**Assignment:** Copy all data exactly. Skip pictures.

**Material provided:**
================================

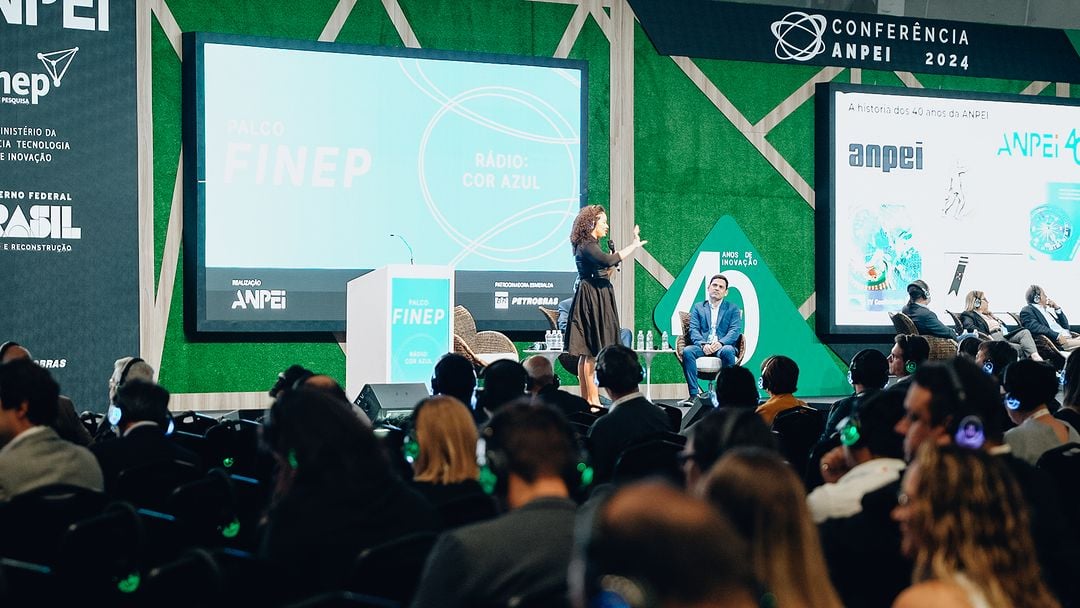 Auditório lotado durante a Conferência ANPEI 2024, com o telão da FINEP ao fundo do palco.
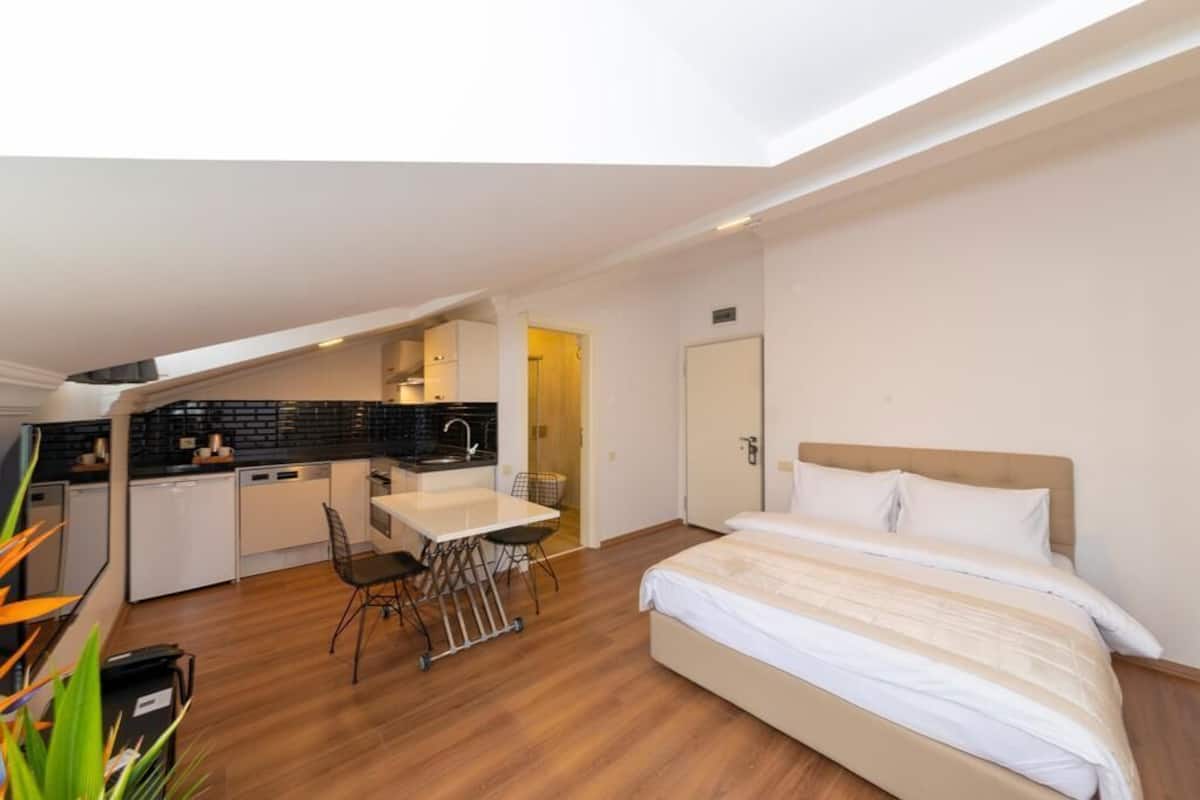 A compact hotel room with a kitchenette, a bed, and a dining area.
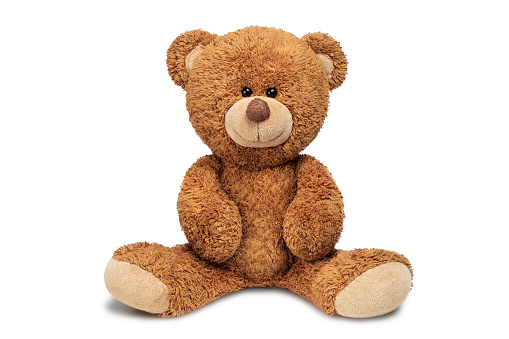 Little cute caucasian girl hugs her favorite toy big teddy bear. Love and tenderness. Happy childhood concept. Gift for a birthday or other holiday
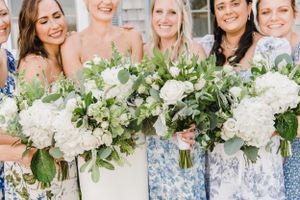Bridesmaids in blue floral dresses hold elegant white and green bouquets with hydrangeas and eucalyptus.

================================

**Solution to this problem:**
 Auditório lotado durante a Conferência ANPEI 2024, com o telão da FINEP ao fundo do palco.
 A compact hotel room with a kitchenette, a bed, and a dining area.
 Little cute caucasian girl hugs her favorite toy big teddy bear. Love and tenderness. Happy childhood concept. Gift for a birthday or other holiday
Bridesmaids in blue floral dresses hold elegant white and green bouquets with hydrangeas and eucalyptus.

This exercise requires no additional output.